I started to go to a little meeting called the Downtown Bunch and hang out at Fellowship Hall. After about 3 months I was starting to look for work again. One day I was standing by a bus stop and I saw an old friend that told me that I could work for him if I could stay sober. This is how I got back into the bowling business that I had been in for twenty years. We opened a shop called Rancho Lanes.

That Downtown Bunch eventually moved to Rancho Lanes when they needed a new spot. That group was very instrumental in my sobriety. I met and developed relationships with a bunch of old timers, retired pilots, lawyers and some street drunks. During this period, I  started to get really involved with the Haven Treatment Center, going to meetings there every day.  I currently have a home group which is the Nomadic Lunch Bunch; we meet five days a week, Monday through Friday at 12:15. We started that group at a bowling alley on North Temple and two other bowling alleys later, we are now at a different place, but for 22 years now, it has been my recovery meeting.

In the process of all these years, the one thing that I really did besides listening and meeting with a sponsor who got me grounded in the program is that I started to get active in service work. I took on jobs like chairing meetings, getting speakers for various meetings, and becoming the secretary for a meeting in the House of Hope when we had a speaker meeting there. I set up the room for my home group every day and got the coffee ready. I was the GSR for that meeting as well. 22 years later, I still ALWAYS have something going on between service among AA groups and volunteering at Central Office. I have sponsored people and been sponsored. For me, it is the only thing that works in the long term to help me stay sober and combat this disease.

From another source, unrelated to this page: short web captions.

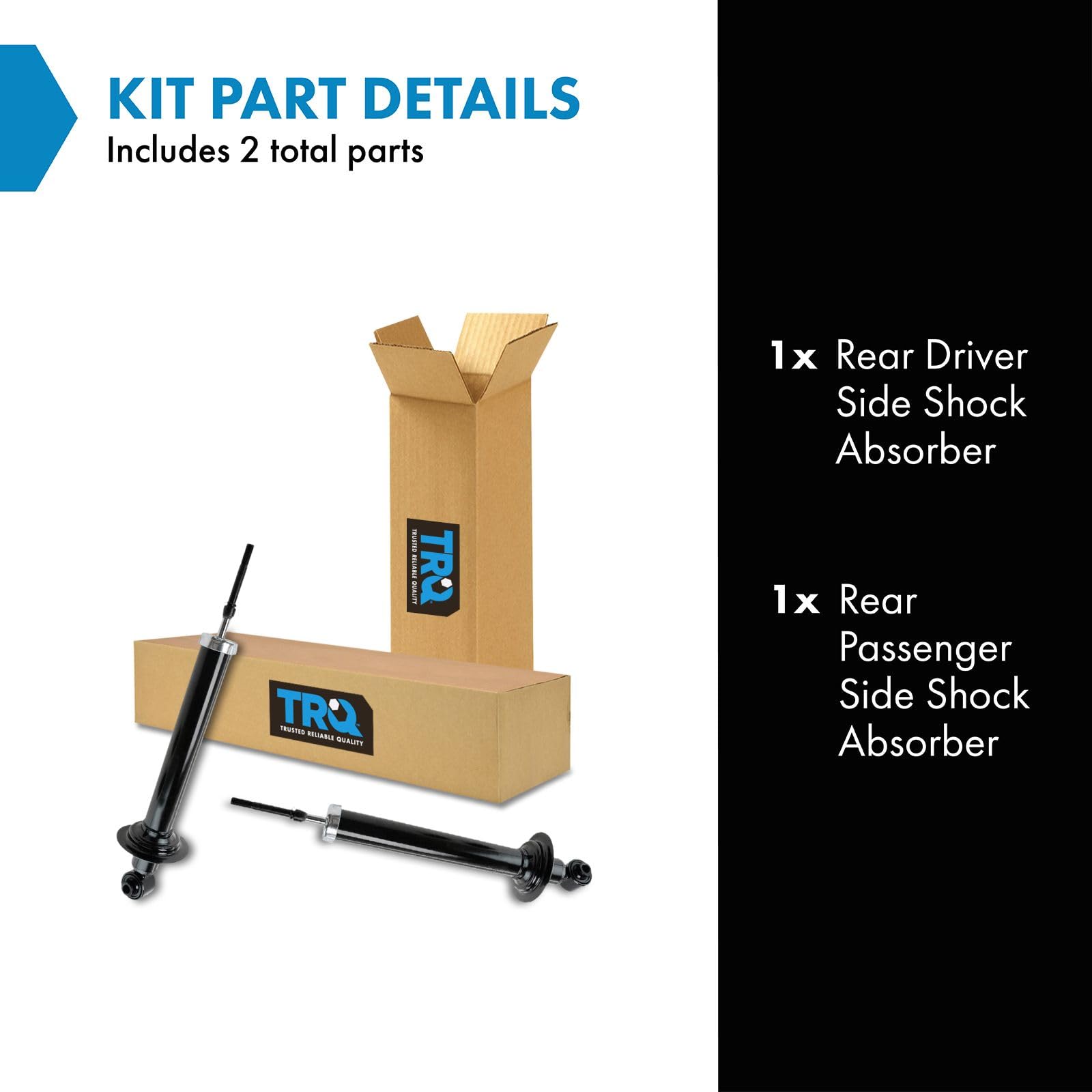 Trq Rear Shock Absorber Set Compatible With 2006-2013 Lexus Is250 Is350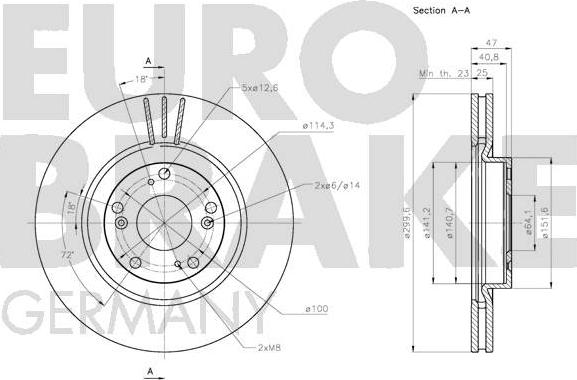 Eurobrake 5815202654 - Bremžu diski autodraugiem.lv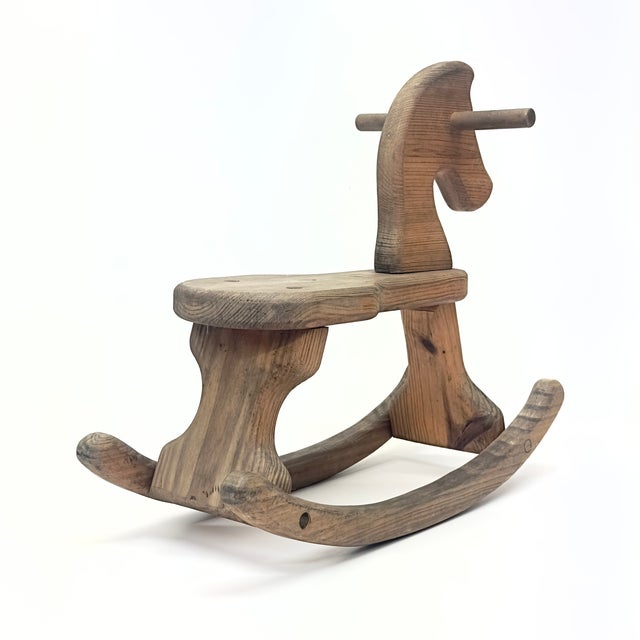 Wood Relocation Super Sale! Vintage Folk Art Style Wooden Rocking Horse For Sale - Image 7 of 11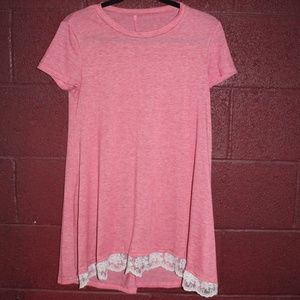 Pink Tunic with Lace bottom Size Small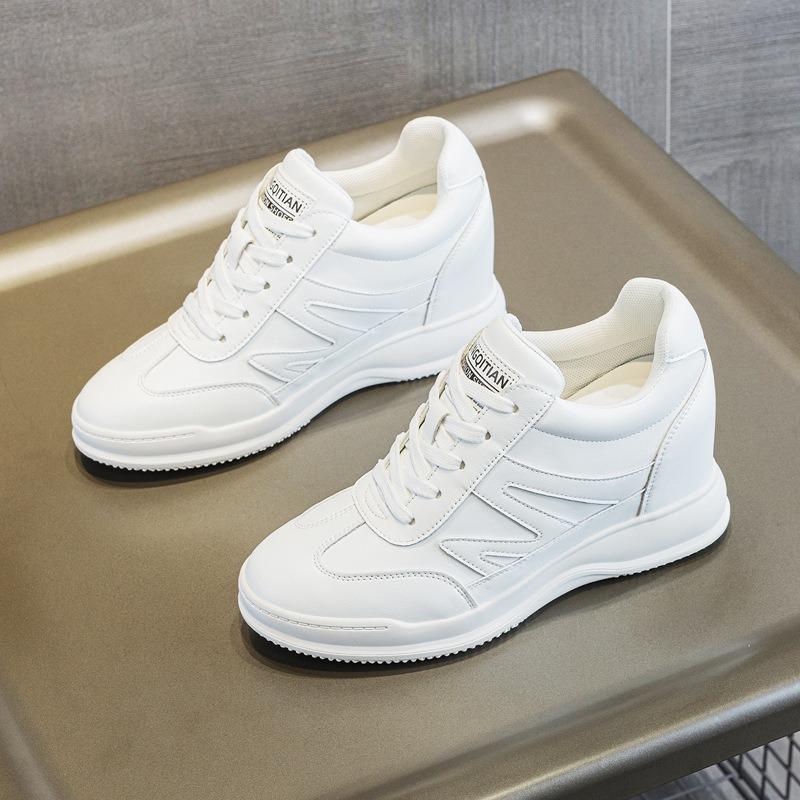 Inner heightening women's shoes new spring and autumn versatile sports and leisure high heels wear-resistant college little white shoes tide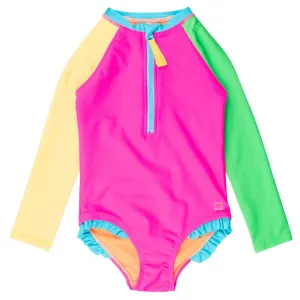 Girls Neon Color Block Long Sleeve Rash Guard One Piece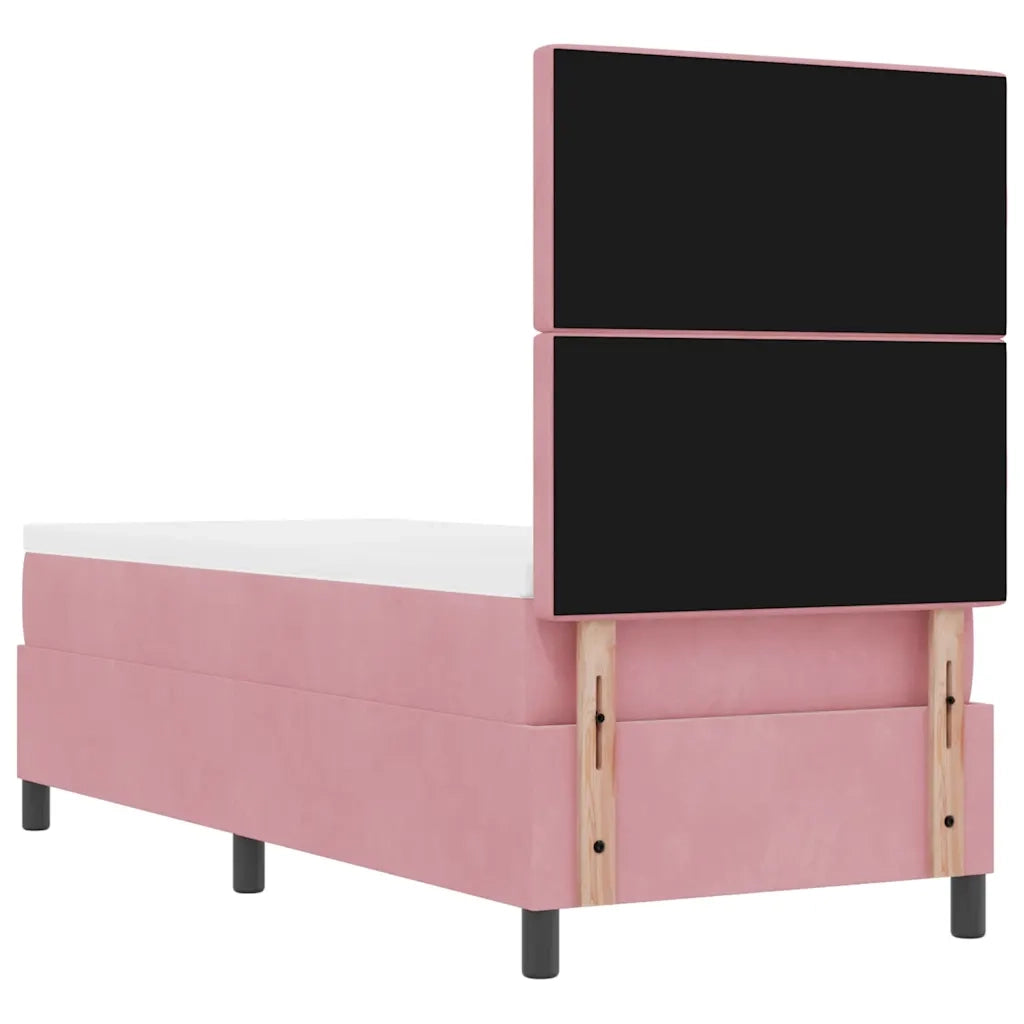 Letto a molle con materasso Rosa 80 x 200 cm Velluto 3339733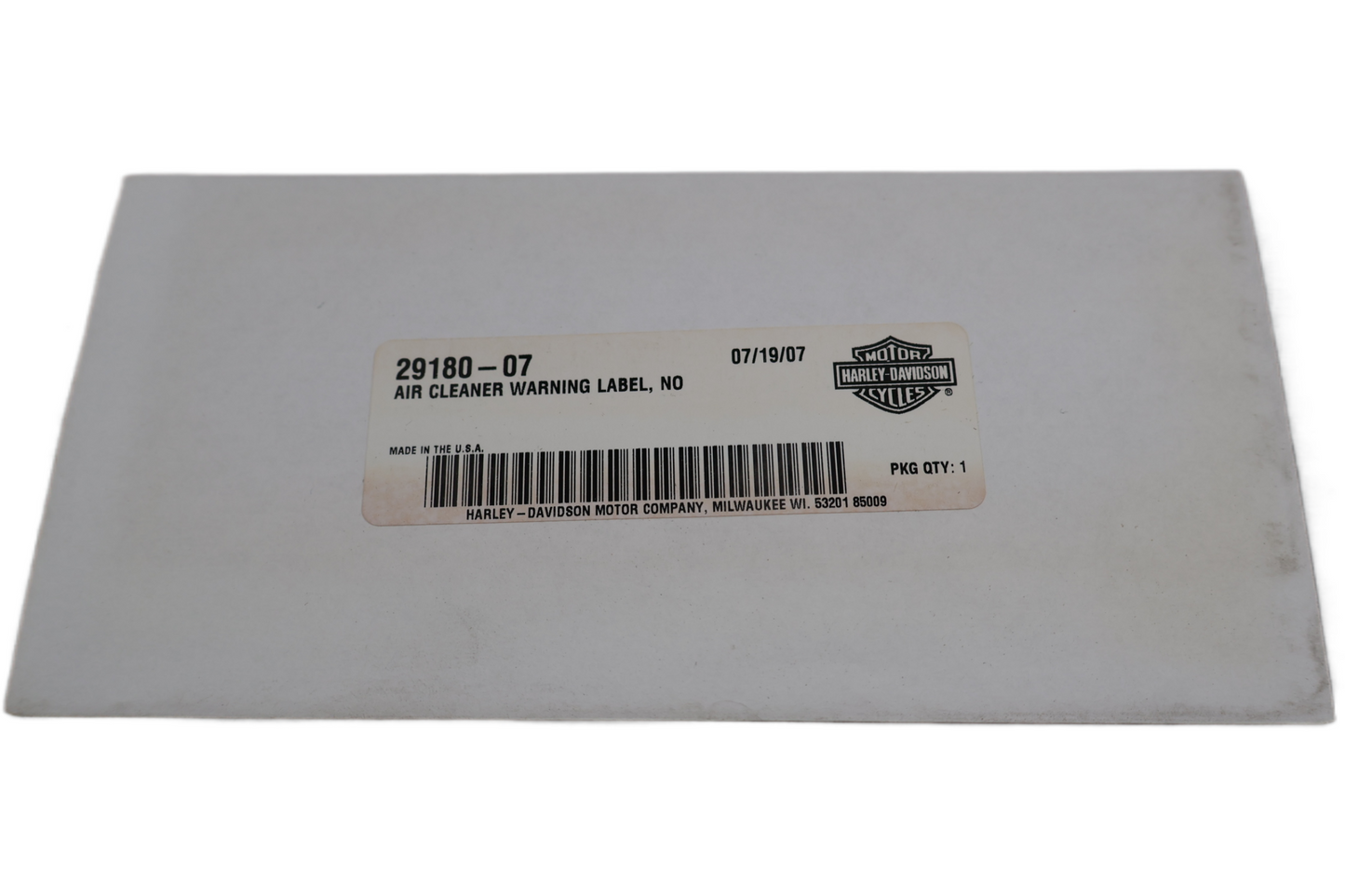 29180-07 NEW OEM 2007-2010 HARLEY-DAVIDSON SOFTAIL & DYNA CVO AIR CLEANER WARNING LABEL
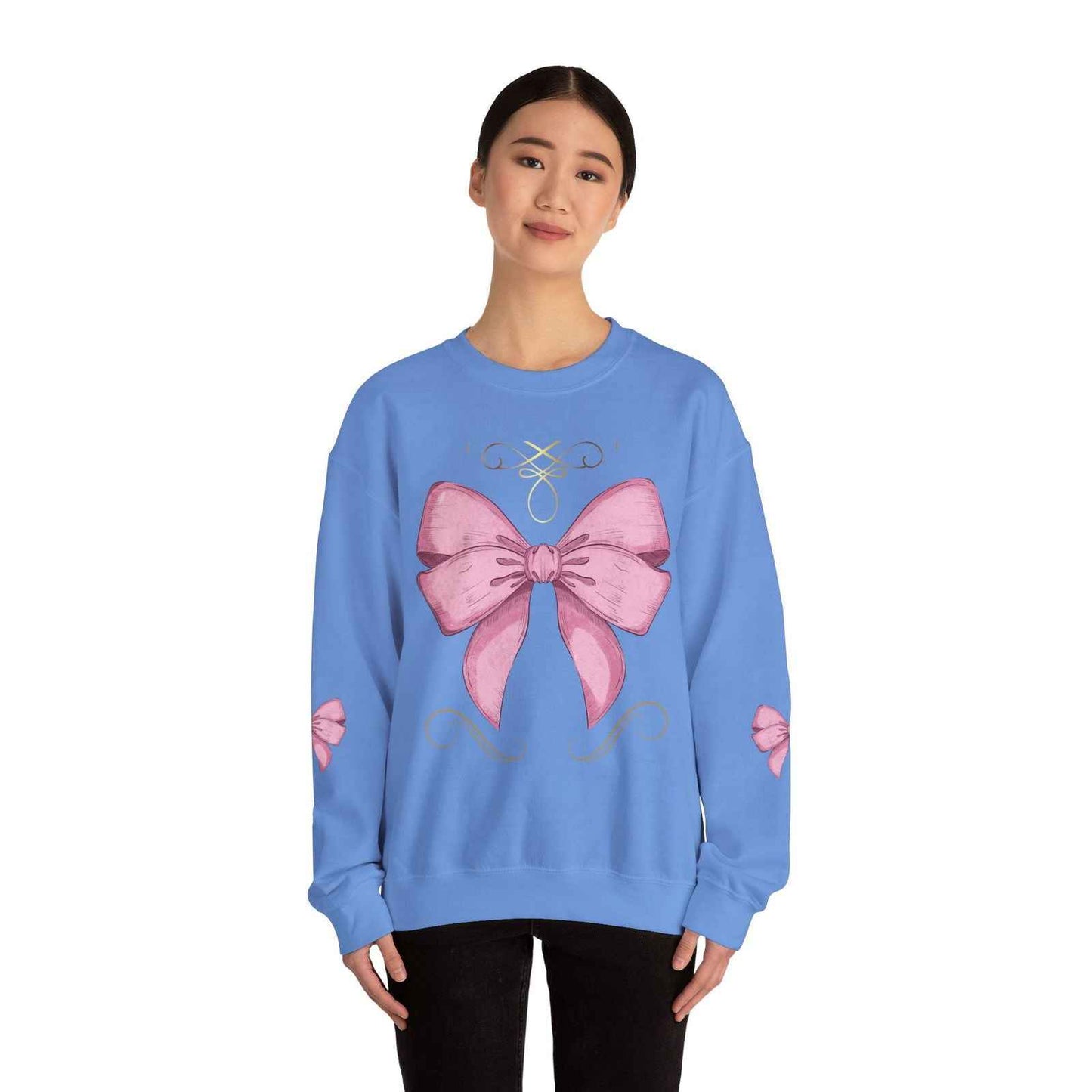 Cute Pink Bow Adult Sweatshirt Crewneck Women's Top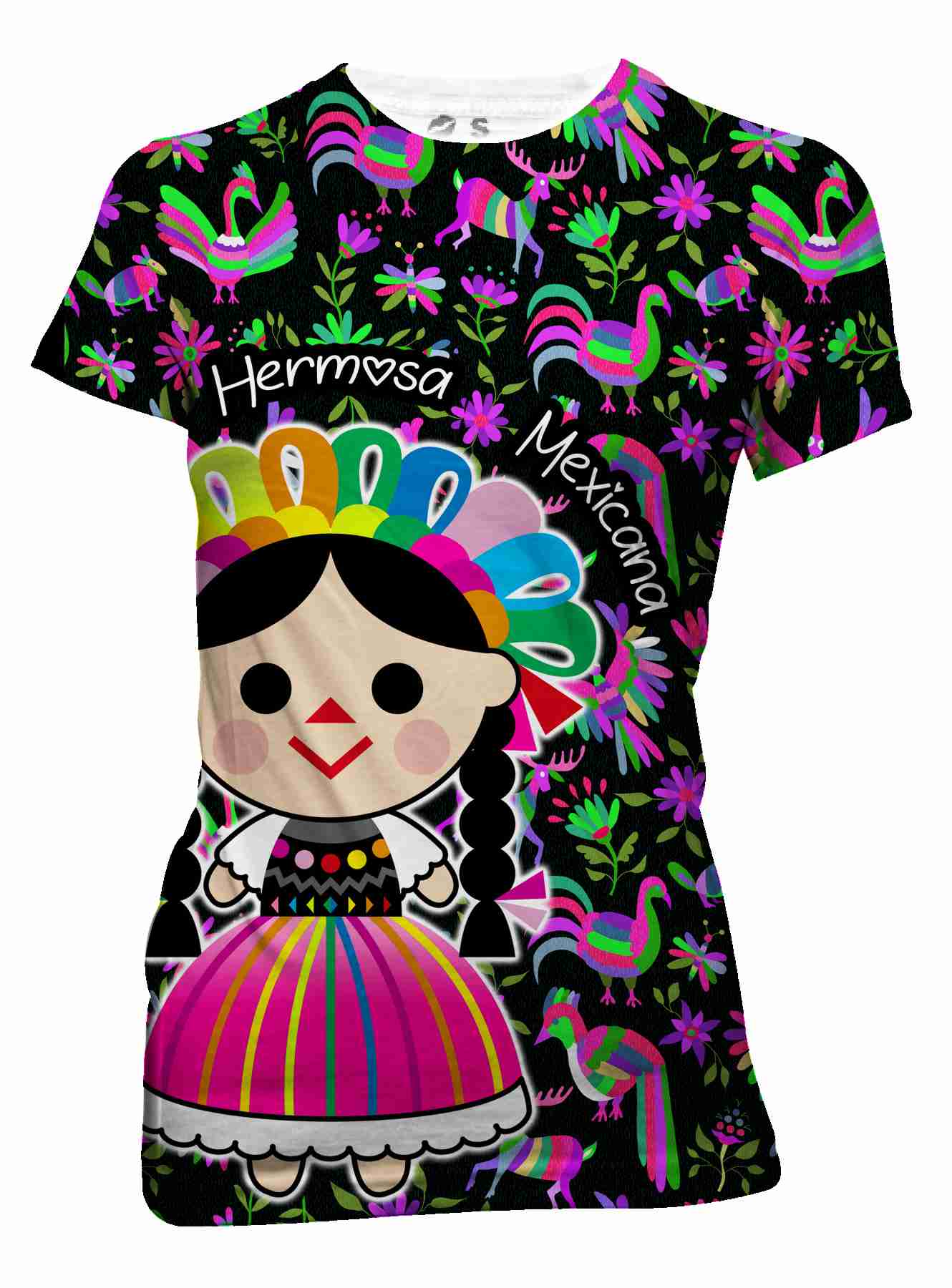Playera Full Print Dama Muñequita Hermosa Mexicana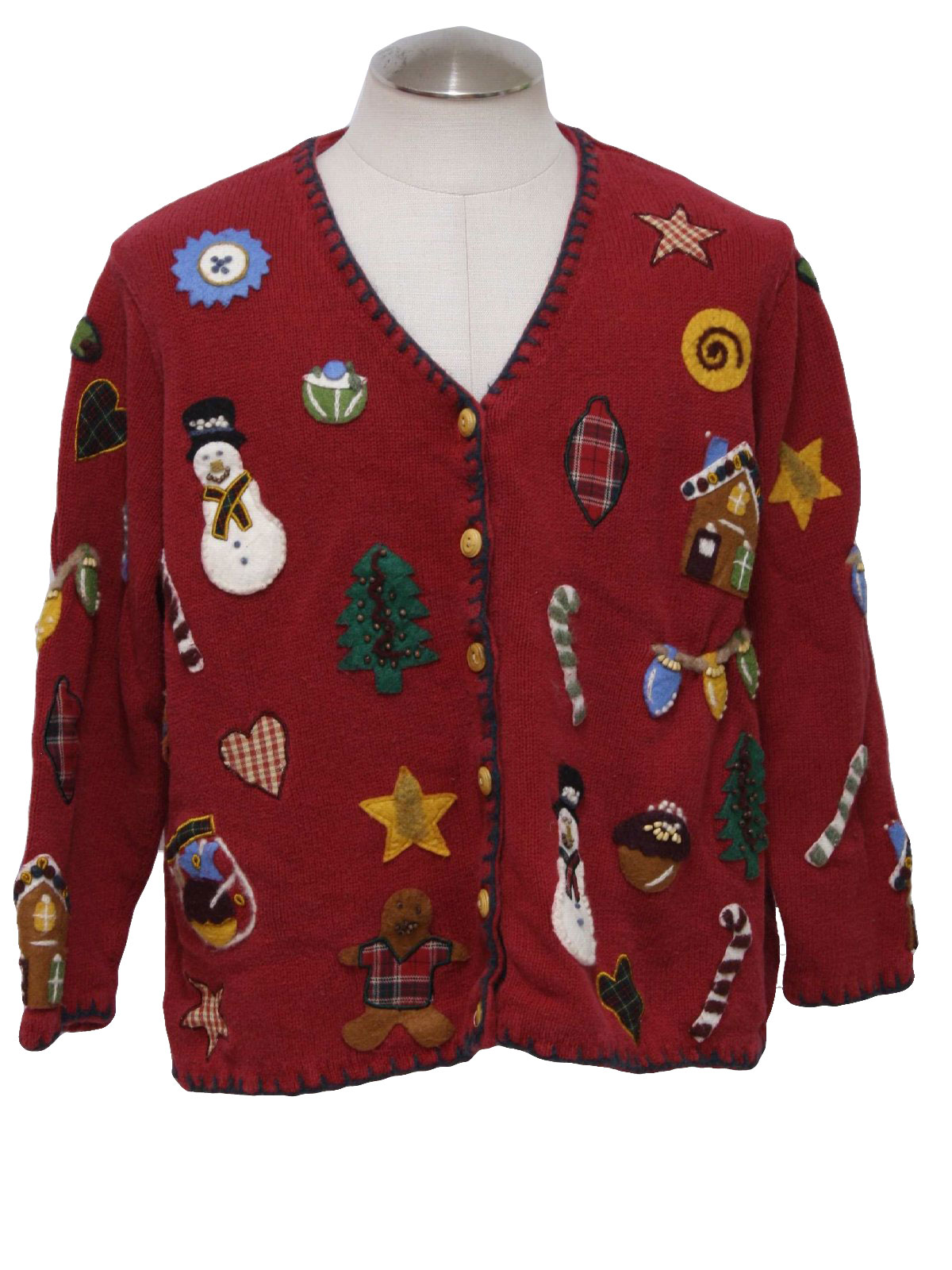 Ugly Christmas Cardigan Sweater: -No Label- Unisex red background with ...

I know there are many other ways to stay sober other than AA,  but I don’t see other ways that build the friendships that we have here, friendships from all different walks of life. It was never unusual for me to sit in a meeting with an airline pilot, a celebrity, a professional athlete, lawyers, doctors, nurses, street people, drinking drunks, desperate people, and treatment center people. We would sit in a meeting and talk about alcoholism and recovery. It is incredible – an incredible experience that I get to have on a regular basis. It is the greatest thing that has ever happened to me.

Another gift that I have gotten from sobriety is awareness: the ability to pay attention to life. I strongly recommend sobriety, especially for alcoholics and I recommend the fellowship. I try to be an example of recovery wherever I go. I am always available to help someone if they ask. “Life is not measured by the number of breaths we take, but by the moments that take our breath away.” This is what AA has done for me.